▶ What is needed
Reproduce every line of the data, exactly and without its pictures.

----- Supplied data

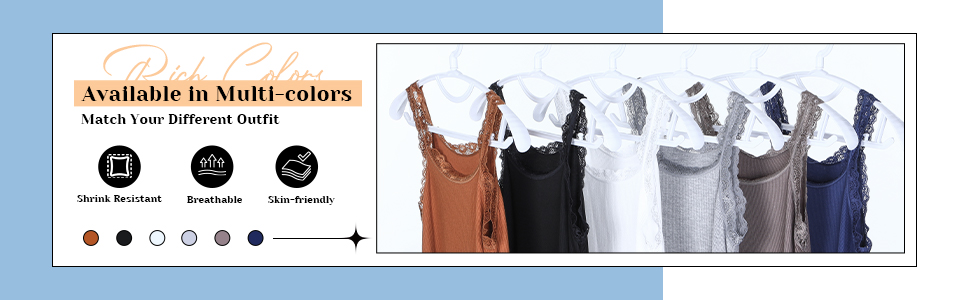 Lasnten 4 Pieces Lace Camisole Tank Tops for Women Ribbed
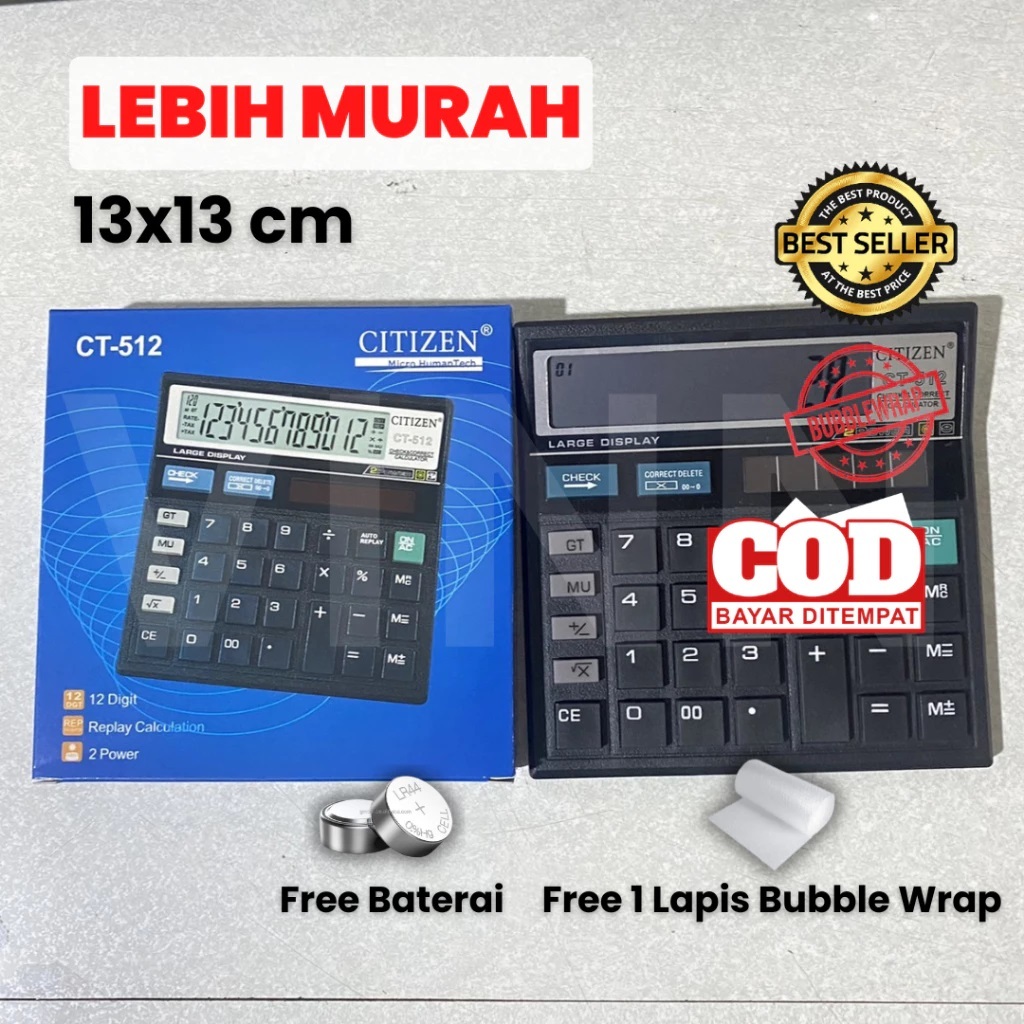 

Kalkulator Check CITIZEN CT 512 12 Digit - Dual 2 Power // Calculator - Kalkulator Sekolah - Kalkulator Kantor - Kalkulator Dagang
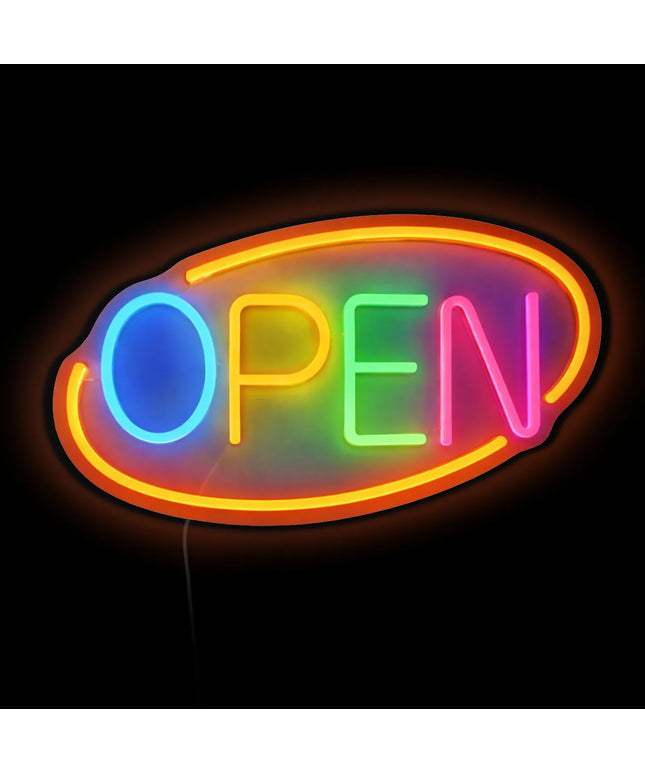 GGM Gastro LED illuminated sign - OPEN - dimmable - Orange/Multi-colour - 420x250mm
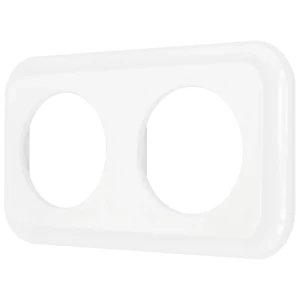 Ramka podwójna kwadratowa do łączników i gniazd 'Retro ceramic' - białaTG-RC-002SW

----------

▶ Expected output
 Lasnten 4 Pieces Lace Camisole Tank Tops for Women Ribbed

Kalkulator Check CITIZEN CT 512 12 Digit - Dual 2 Power // Calculator - Kalkulator Sekolah - Kalkulator Kantor - Kalkulator Dagang
 GGM Gastro LED illuminated sign - OPEN - dimmable - Orange/Multi-colour - 420x250mm
 Ramka podwójna kwadratowa do łączników i gniazd 'Retro ceramic' - białaTG-RC-002SW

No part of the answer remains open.